Their interaction was mostly incoherent, and I don’t believe they were fighting about anything. All I could really make out was them shouting out profanity extremely loud and directing it at each other. Now, I’m definitely not a saint in regards to the foul language department, but the excessiveness at which they were cussing was even making me, a former habitual foul-mouther, blush.
I heard my neighbor, an elderly gentleman, open his door and shout out to the young boys to watch their language. I myself try lay off scolding other people’s children. I don’t do so, not because I do want to (in a constructive and loving way if it’s deserved). It’s not because I’m scared the child will get mad at me. It’s because I know what happens to black men who display anger or aggression in public even if it’s perceived and by someone as such, when it’s not literal in nature. I’d go more into detail about the consequences of that, but I know that you, reader, can figure out on out on your own.
However, if I really feel there’s a situation where I need to step in and correct a child on their behavior, then, it’s my inherent duty to do so.
And, at this point, the children heard my neighbor’s request and ignored it. They continued to spew out obscenities anyway, and disrespecting elderly people (my neighbor is up there in age) is something I don’t tolerate. Also, I knew that if I could hear them, the children living my complex probably could also. And, I definitely didn’t want children being exposed to that kind of language.
So, I saw it as a situation where I needed intervene. Now initially with the way they were potty-mouthing with each other, I originally assumed it was a group of teenagers until I opened the door and saw five kids who couldn’t have been older than eleven or twelve. The group consisted of 4 white kids and 1 black kid.
Originally, my intent was to walk over to them and to tell them that they needed to respect the residents like how they would like to be respected and that their language made them sound ignorant and hateful. However, once I saw the black child, my whole assessment of the situation shifted greatly.

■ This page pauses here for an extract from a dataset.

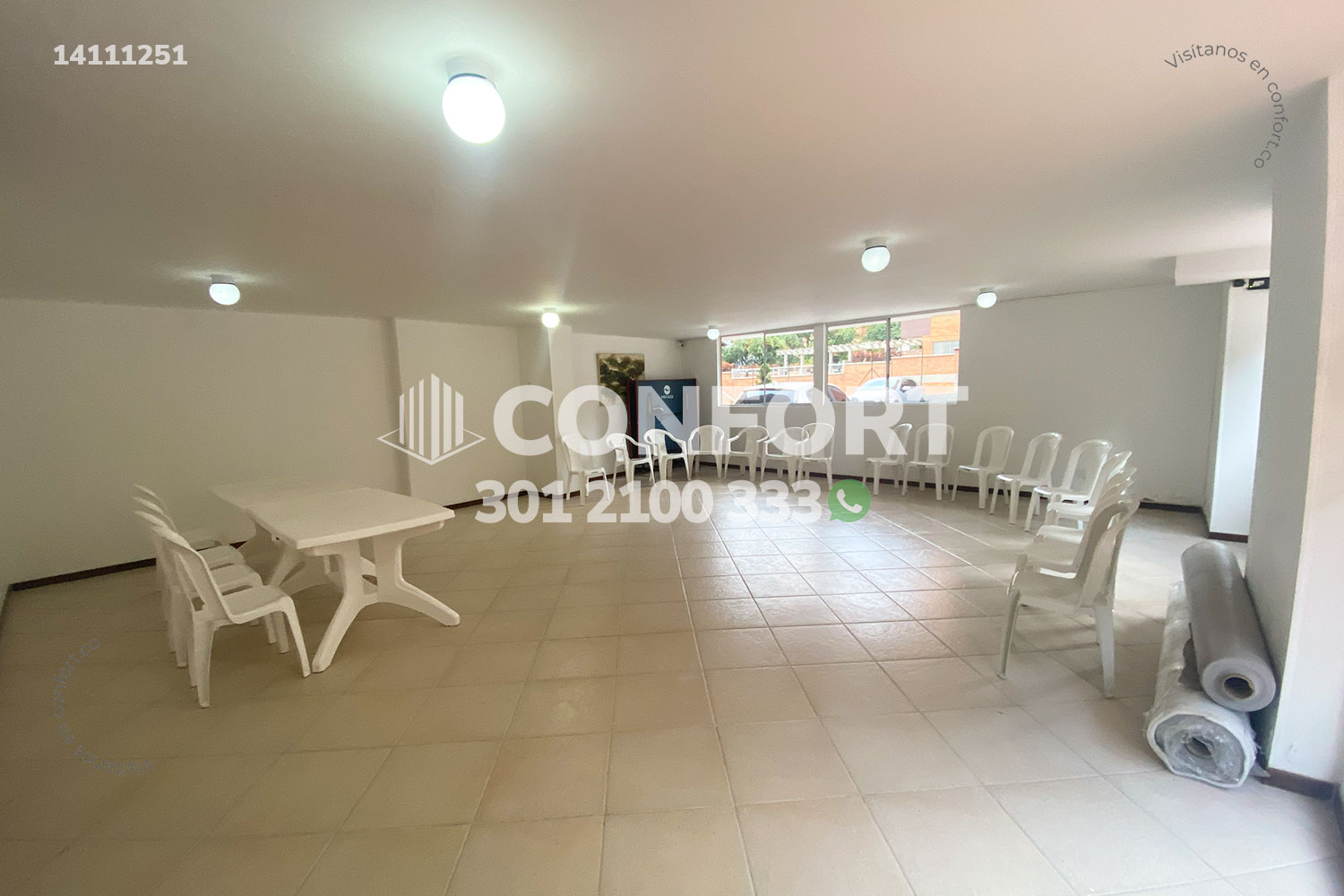 Apartamento en arriendo en Los Balsos, Medellín · foto 20 de 22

In that moment, it was no longer a matter of “just getting some rowdy kids to pipe down;” it became a matter of life and death for that young black boy. Now, some of you out there have no idea of the correlation I’m applying when I say that. Y’all are thinking to yourselves, “What does a group of boys showing out have to do with the situation being deadly or not?”
And, the fact that you’re asking that question is telling of your lack of knowledge on just how systematic racism operates in America, either because you’ve been distracted from examining it at every turn and corner of life or because you’ve had the privilege of never having to deal with the direct consequences of it.

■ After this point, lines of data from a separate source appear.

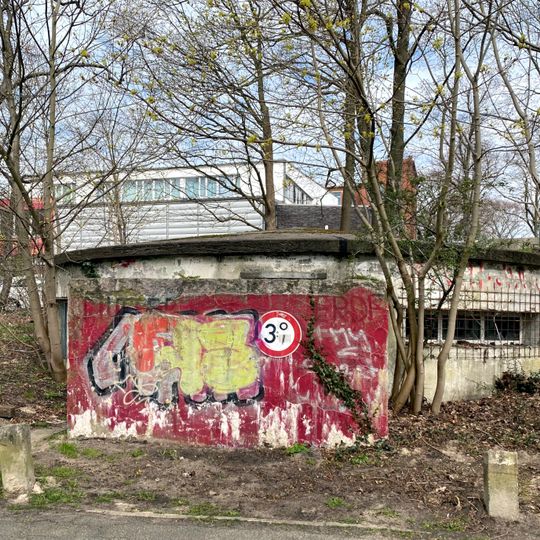 Rundbunker Schwarzenbergstraße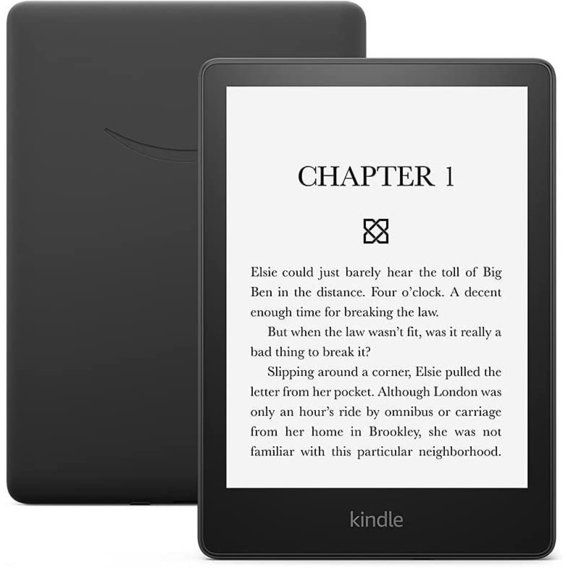 Электронная книга Amazon Kindle Paperwhite 11th Gen. 16GB Black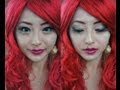 The Little Mermaid Makeup Tutorial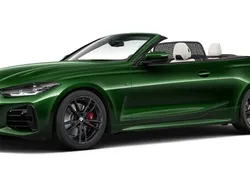 Grün Gebraucht 2024 BMW M440 Shadowline Limousine | 63.480 € (Etwas zu teuer)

What I saw–what I have to see living as a black man in America–was the potential and high probability for a chain of events to occur, which would likely proceed as such:
Someone calls the cops saying that there is this angry black man (black children are regularly judged and seen as being adults), leaving out that they’re also white kids, ranting a raving and that they believe he might be about to hurt someone.
The cops head to the scene with the notion that they’re dealing with a hostile suspect.
They confront the child, and they see the kid has an object in-hand, immediately draw their guns, and tell him to “drop his weapon.”
The child, being confused about what “weapon” he is holding (it’s probably a toy or phone) is mortified by the experience and freezes up like a deer in headlights.
They proceed to shoot the child in an excessive and needless manner, killing them in cold blood.
The cop states to the jury that he “feared for his life“, and the mostly white jury, who is perfectly aware the cop is guilty, sides with law enforcement. The cop doesn’t get indited.
The cop, who has been on paid leave the entire time, is allowed back on the force.